For About and By Caregivers

Caring for a Child with Diabetes
By Michelle Reynolds


Children with diabetes are the same as any other children in the need for attention, guidance, and love, but they have special needs when it comes to controlling their diabetes. Diabetes comes in two forms with children almost always diagnosed with Type 1, known as insulin-dependent, requiring regular injections of insulin to regulate the sugar in the blood. There are three things that must be regulated in order to control diabetes. They are monitoring your child’s food and exercise, and supplying insulin in the appropriate dosage. There are a few methods that can control diabetes such as food, exercise, and insulin. Symptoms of diabetes include hypoglycemia (low blood sugar), hyperglycemia (high blood sugar), and ketoacidosis, which is often considered a diabetic emergency. Treatments may differ, but with the right regimen, a parent’s care for a diabetic child is rewarding and no different from other children.

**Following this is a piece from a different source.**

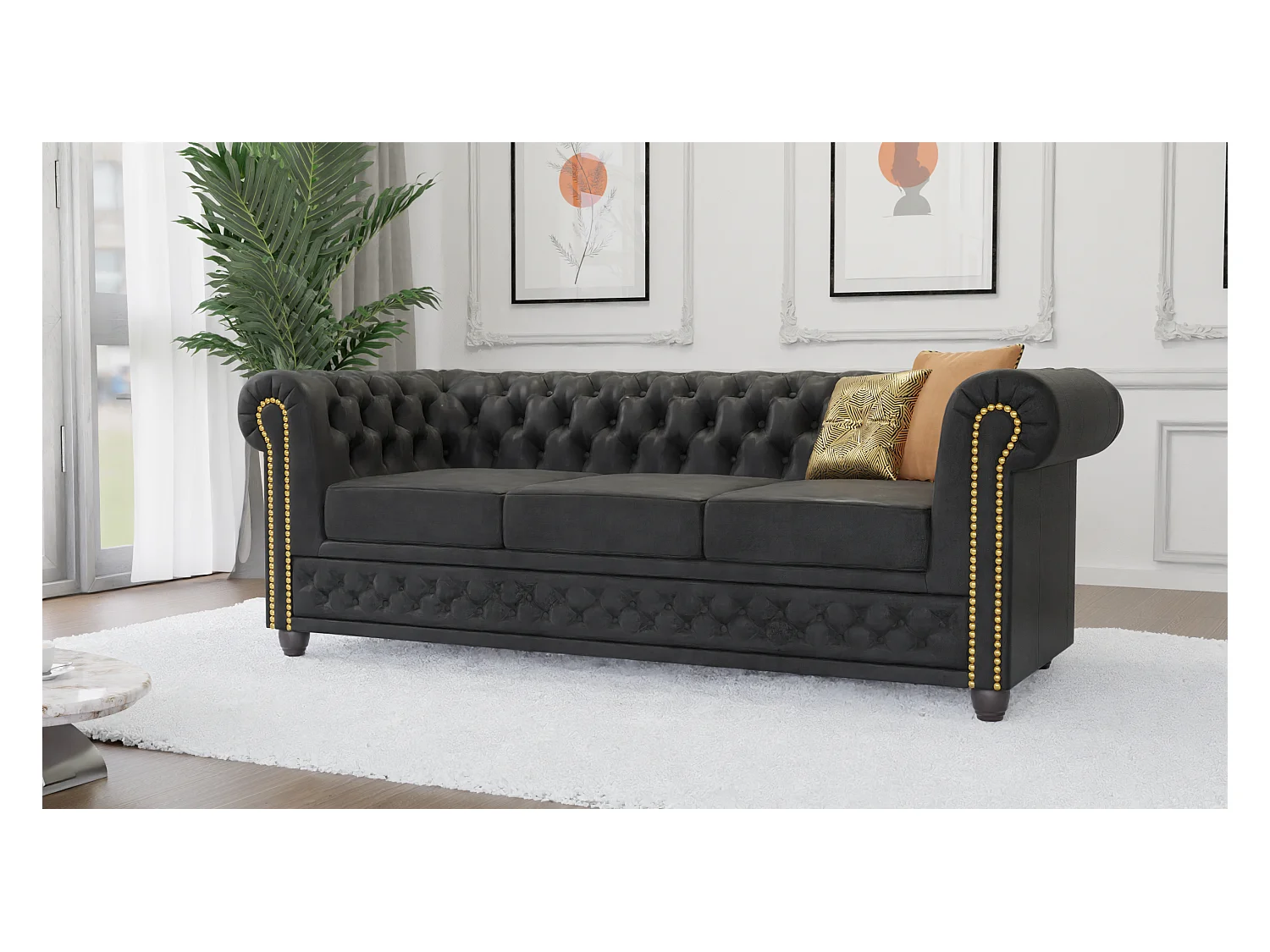 Chesterfield Selena Polstergarnitur mit Schlaffunktion 3+2+1 Vintage Optik Microfaser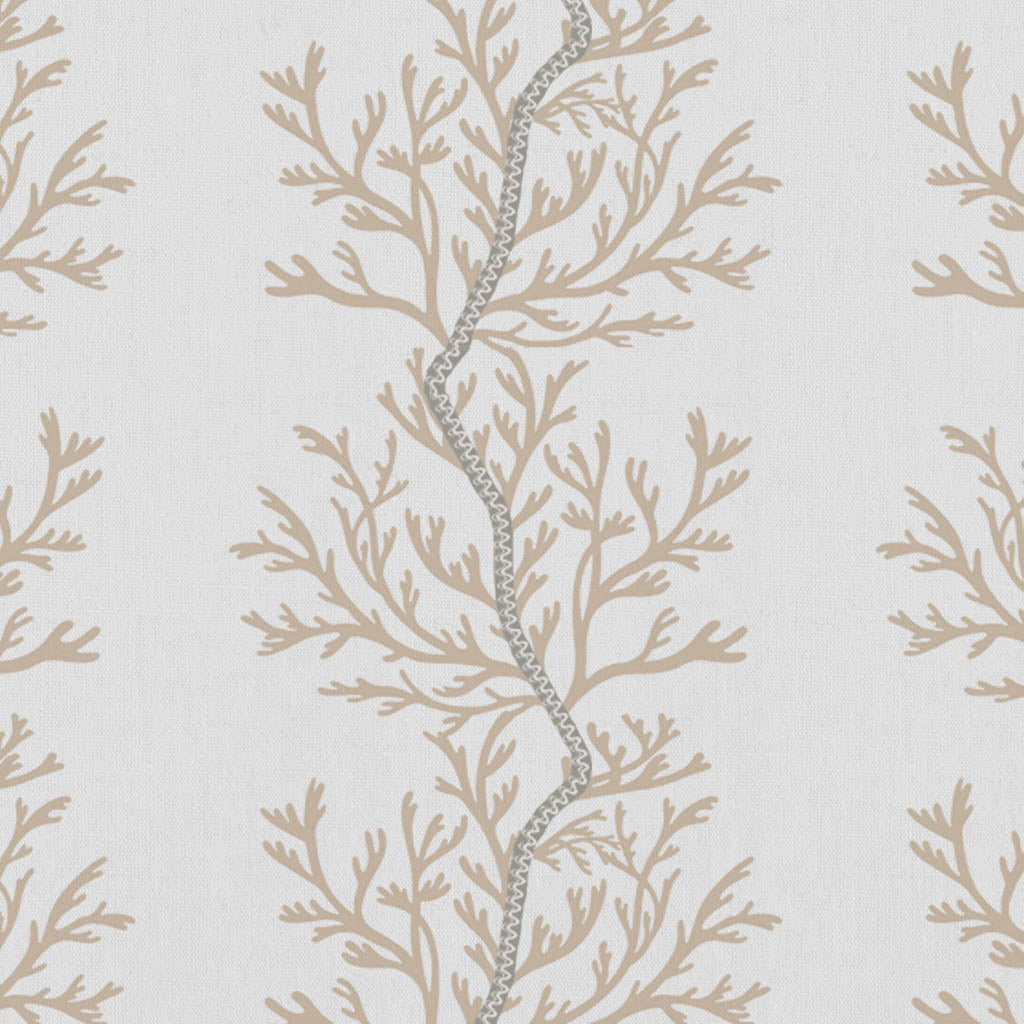 Galilea Pastel Brown - white curtain fabric with Brown abstract print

The Needs of Diabetic Children

  • Diet

  • Children are allowed to eat the same healthy, nutritious foods as other children, but secondary caregivers such as teachers, babysitters, and relatives should be knowledgeable of the child’s dietary needs.

  • Eating Habits Throughout the Day

  • Most children need snacks and fruits throughout the day at various times in order to balance out the blood sugar and to maintain its normal level.

  • Exercise

  • Diabetic children can be as active as any other child. But, because the child’s blood sugar can decrease during exercise, a snack such as a banana or orange may be needed to maintain normal blood sugar level.

Simple Instructions to Remember when Helping Children with Diabetes

  • Treat the child the same as any other child, and understand the precautions ahead of time before a given activity.

  • Establish a customary routine you and your child can adapt to and enjoy during the day.

  • Strive to set a pattern for eating throughout the day that you and your child can feel comfortable following.

  • Never feel as though it is the child’s fault for high or low blood sugar, rather stress the importance of health maintenance and proper action in case of emergency.

  • Watch the child’s behavior before meals and snacks.

  • Make sure meals are eaten on schedule.

  • Do not assign physical exercise just before a meal when the child may be in need of food.

  • Arrange an inconspicuous means of taking the mid-morning and/or afternoon snack.

  • Keep a source of sugar readily available, and encourage the child to carry some form of sugar.

  • Most children need a snack at night before bed.